There can be little doubt now that mismanagement has occurred on some level in Iraq in the past, and that we should have adopted counterinsurgency tactics earlier. But as Prussian Field-Marshal Helmuth von Moltke famously said, “No battle plan survives first contact with the enemy.” This is war, not a series of maneuvers. The fact of the matter is that the surge is demonstrating a reasonable degree of success – but that seems hardly relevant to Democrats so wed to leftist netroots’ dollars that they reject both the message and its messenger: decorated four star General David Petraeus – who literally wrote the book on counterinsurgency for the US Army, not to mention his stellar education at West Point, Princeton, and the battlefields of Iraq. So perhaps there is a better question: How are we doing in America?

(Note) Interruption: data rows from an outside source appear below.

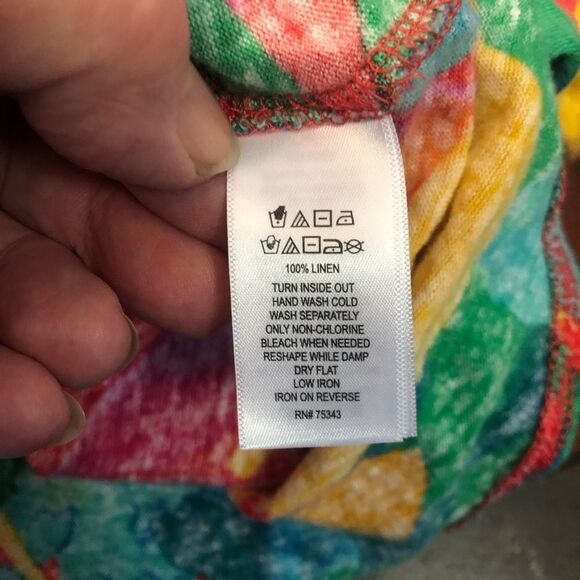 Tahari Women’s Tropical 100% Linen Shirt Cap Sleeves 1X Resort Vacation Tee - Picture 5 of 7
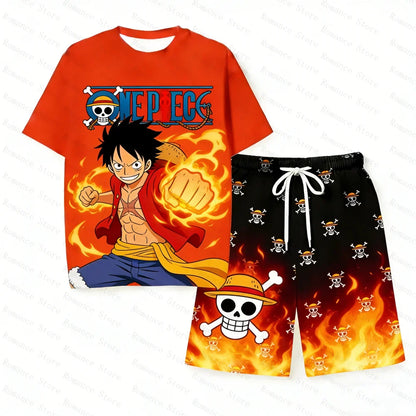 2026 One Piece Luffy Pajama Set Anime Skull Character Sleepwear T-Shirt Shorts for Men's Shirts Woman t-shirts Summer Kids Set
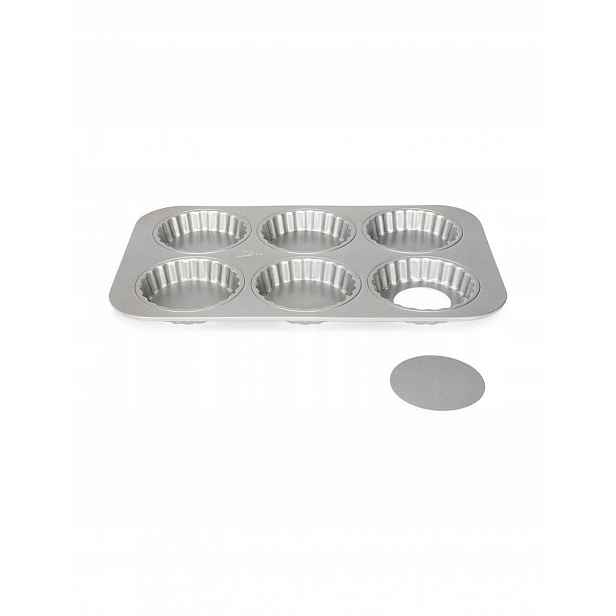 Patisse Mini forma na 6 tartletů s odnímatelným dnem 10cm Silver-top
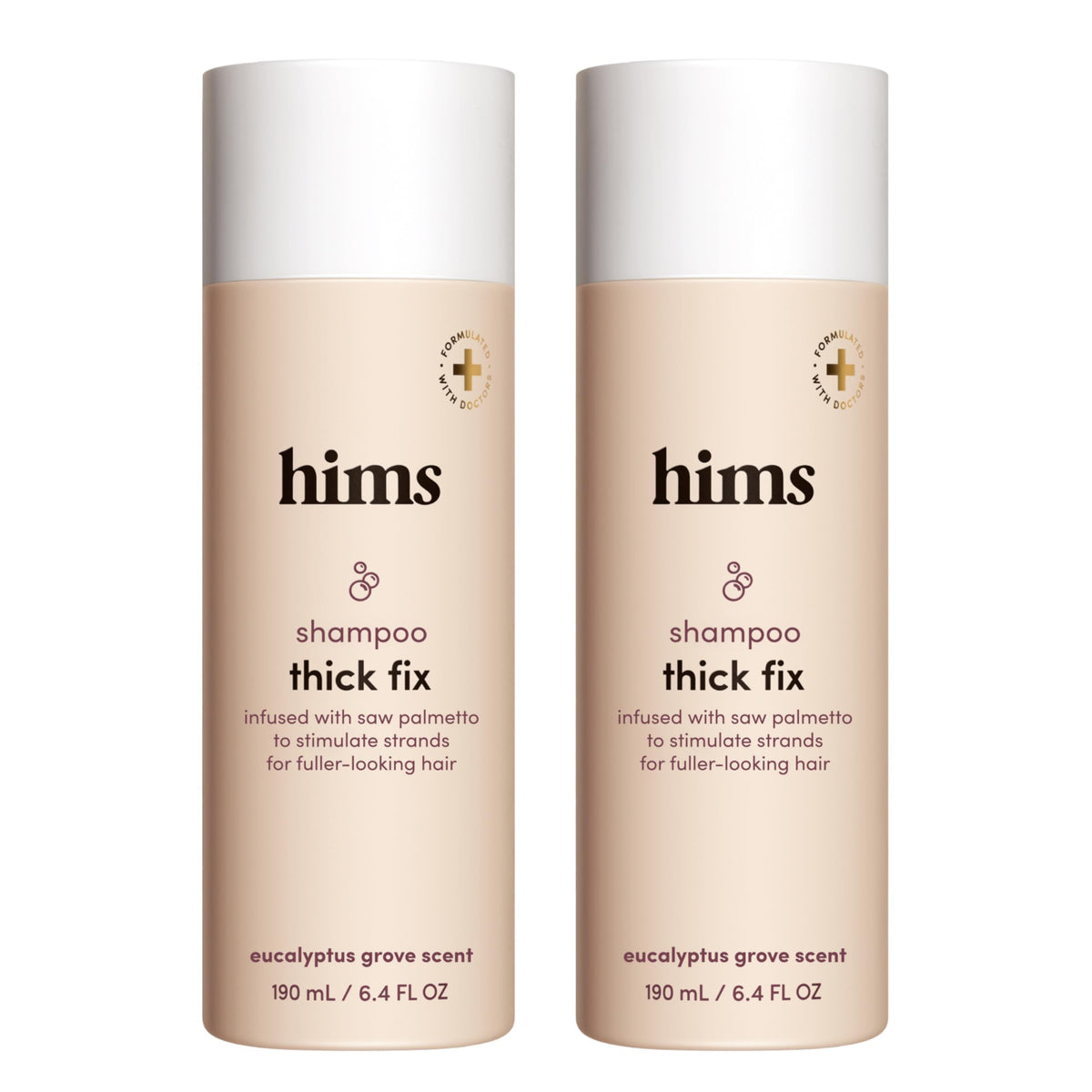 hims Thick Fix Shampoo con Saw Palmetto para cabello más lleno y limpio.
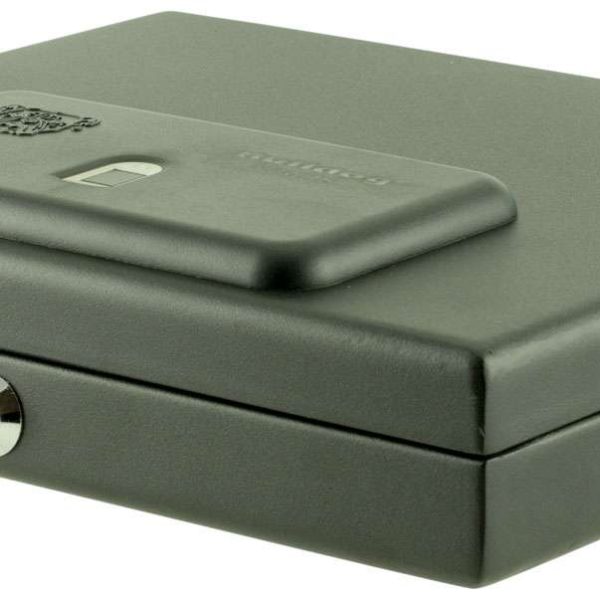 Bulldog BD4055B Magnum Top Load Vault Fingerprint ID Entry Black Powder Coat Steel Holds 1 Handgun 11.50" x 9.75" x 2.50"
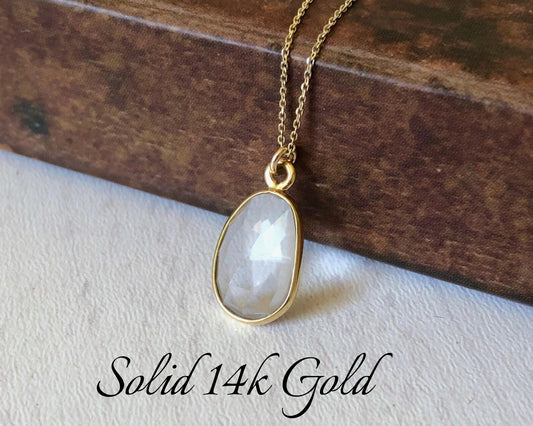 White Topaz Free Form Necklace- Solid 14K Gold April Birthstone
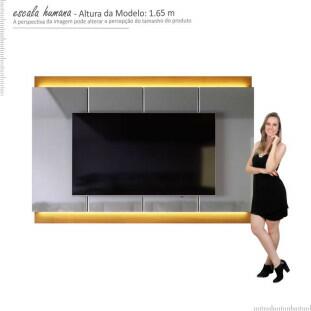 Painel Para TV 75 Polegadas Com LED 2.1 Zory EAX Móveis Cinza/Tauari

What happened to men like Senator Arthur Vandenburg (R-MI) or Senator Henry “Scoop” Jackson (D-WA)? Both were respected men within their own parties; but both supported the President of a different political party and, more importantly, the country, when it mattered most. Vandenberg is famous for saying “Politics should stop at the water’s edge” while Scoop Jackson is known likewise for remarking “In matters of national security, the best politics is no politics.”

Our noble effort in Iraq is not exactly popular these days, though it is heartening to see that the American people do trust General Petraeus. While the war is difficult, we are fighting it effectively, and we must not lose a shooting war overseas in a war of words here at home. Unfortunately, because so many refuse to ask ‘how we are doing’ or truly support our troops, we risk doing poorly. Perhaps this kind of self-fulfilling prophecy is intended, but I hope not. Too many somehow associate Americans’ dissatisfaction regarding the current conflict with a population resisting the imperative to fight for others’ freedom and our own security. But we as Americans do not dislike fighting wars. We dislike losing wars.

And lose this war we will if certain political and media figures do not start acting like the Americans that they are. Success on the ground only can mean so much when persons of importance are blind to its existence, much less its significance.